Burger King Holdings Inc. delivered its 20th consecutive quarter of worldwide positive comparable sales in the second quarter of its 2009 fiscal year, achieving its best positive comparable sales trend in three decades.

Comparable sales were up 2.9 percent, marking five straight years of worldwide same-store-sales growth. In the U.S. and Canada, comparable sales were up 1.9 percent, the 19th consecutive quarter of same-store-sales growth. Comparable sales were driven by strong performances in key international markets, including the U.K., Spain, Canada, and Central and South America. In the U.S., strategic pricing, a mix of value and indulgent products, and the continued social relevance of the Burger King brand fueled positive comparable sales.

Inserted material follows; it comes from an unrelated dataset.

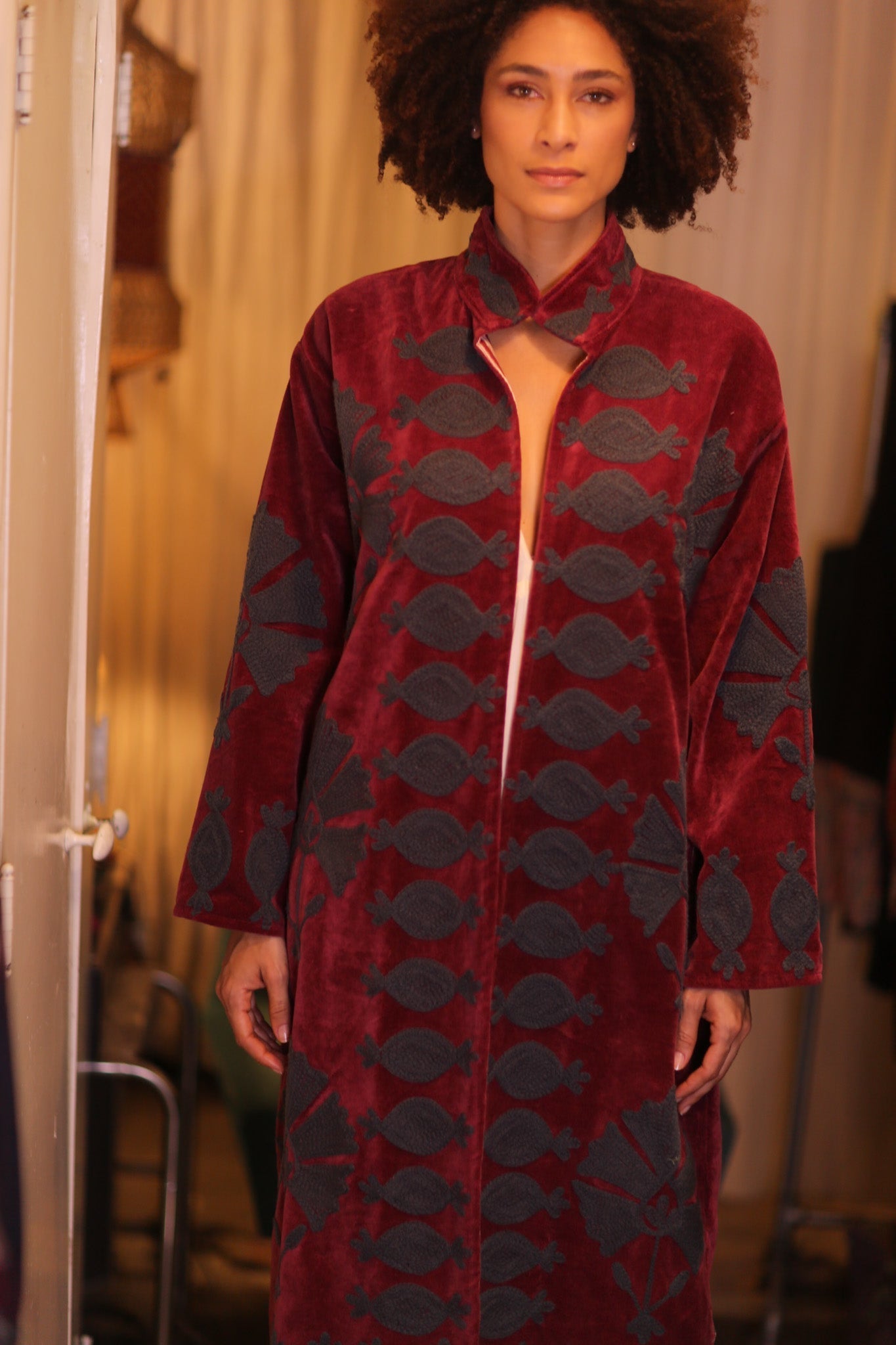 EMBROIDERED VELVET LONG COAT MISCHAK NFAI - MOMO STUDIO BERLIN - Berlin Concept Store - sustainable & ethical fashion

The company also posted its best quarterly development growth rate in eight years, opening 125 net new restaurants compared to 105 in the same quarter last year, up 19 percent. As a result, the company is on target to meet its full fiscal year development plan to increase net new restaurant count by 350 to 400.

Revenues for the quarter were $634 million, up three percent over the same quarter last year. Worldwide trailing 12-month average restaurant sales increased to $1.31 million from $1.25 million in the prior year period, a five percent increase.

“Our core business remains strong,” says John Chidsey, chairman and chief executive officer.

“Despite significant fluctuations in currency exchange rates, we are extremely pleased with our top-line performance and the continuing strength of our core business,” Chidsey says. “We saw sequential improvement in our company restaurant margins as the quarter progressed as a result of declining commodity costs. The complexity and rapidity in currency fluctuations during our second fiscal quarter, created by uncertainties in the currency markets, was difficult to forecast and anticipate.”

For the quarter, the company reported earnings per share of $0.33 which includes a negative impact to earnings of $0.05 per share due to currency exchange rate fluctuations as compared to $0.36 in the same quarter last year.

The company saw significant net restaurant expansion in the second quarter in all segments, with international markets leading the way as expected.

The company continued its U.S. and Canada reimaging plan in the second quarter, adding 14 restaurants to the program. Since the program’s inception, 60 restaurants have been reimaged to date. Remodeled and rebuilt restaurants are generating on average a 12 to 30 percent lift in sales, respectively, making this an attractive investment in the brand.

“We anticipate that our strong solid cash flow and balance sheet will enable us to continue to profitably invest in our company restaurant portfolio for the long-term, building new restaurants in high traffic locations and reimaging existing ones, both aimed at generating significant returns,” says Ben Wells, chief financial officer.

For the third and fourth quarters, the promotional and product calendar is designed to drive traffic. Scheduled marketing initiatives include the Nickelodeon Kids’ Choice Awards, The Pink Panther 2™ Super Family Sweepstakes, SpongeBob SquarePants, Star Trek, Transformers 2 and a strong focus on a value platform. In addition, the launch of the first Whopper Bar at Universal CityWalk in Orlando, Florida, this quarter is expected to keep the brand in the forefront. Innovative products will continue to be introduced to satisfy guests seeking indulgent well-priced sandwiches such as the U.S. national limited time offer of the Angry Whopper sandwich (also offered internationally) and the U.S. regional roll-out of the Steakhouse XT, an extra thick burger. And for those seeking value-priced alternatives, the company is introducing a mini-burger platform both in the U.S. and internationally. Called BK Burger Shots and BK Breakfast Shots in the U.S., the mini-burger platform will be available for all day parts.